Shimon Peres and the “Shiksas”

Diversity Macht Frei
March 16, 2018

“I’m not kidding. They were this big!”

Shimon Peres was, at various times, the Prime Minister, Foreign Minister and President of Israel. Avi Gil was his long-time adviser. Gil is publishing a memoir revealing some intimate details of the now deceased “great man”.
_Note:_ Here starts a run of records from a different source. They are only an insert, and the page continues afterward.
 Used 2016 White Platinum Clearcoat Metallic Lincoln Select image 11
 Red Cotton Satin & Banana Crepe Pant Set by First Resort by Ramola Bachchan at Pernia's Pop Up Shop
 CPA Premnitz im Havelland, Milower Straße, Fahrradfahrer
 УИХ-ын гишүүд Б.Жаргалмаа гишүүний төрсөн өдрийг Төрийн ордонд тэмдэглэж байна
Or the passage in which Gil describes Peres’ abrupt shift “from a discussion of philosophical issues to stand-up performances.” “In off-the-wall conversations, which sometimes repeated themselves in a kind of ritual that an outsider wouldn’t understand,” Gil would ask his team, “Did you notice the gorgeous shiksa who came onto the plane with us?” Peres, he writes, “would quickly play his part and say, ‘Tell me, Avi, have you ever done it with a shiksa?’ My role was to play the innocent: ‘But, Shimon, what’s the difference? You know, all women are created with the same anatomy.’

 

“Peres looked at me as though I were the last of the fools, and explained, ‘Our Jewesses are doing you a favor. As if they’re suffering from it. Something always hurts them, bothers them. Shiksas, on the other hand, enjoy every minute, they have no complexes, they like to pamper you and they invest their whole heart in the mission.’ Naturally, he would be ready for my inevitable next question: ‘Where did you get this information about all these differences?’ His demure answer: ‘Friends have told me.’”

Source: Haaretz

Shiksa is a pejorative word for a non-Jewish female, although it is somtimes used as an insult against Jewish females. The word has connotations of impurity and uncleanliness. It could be considered a form of hate speech.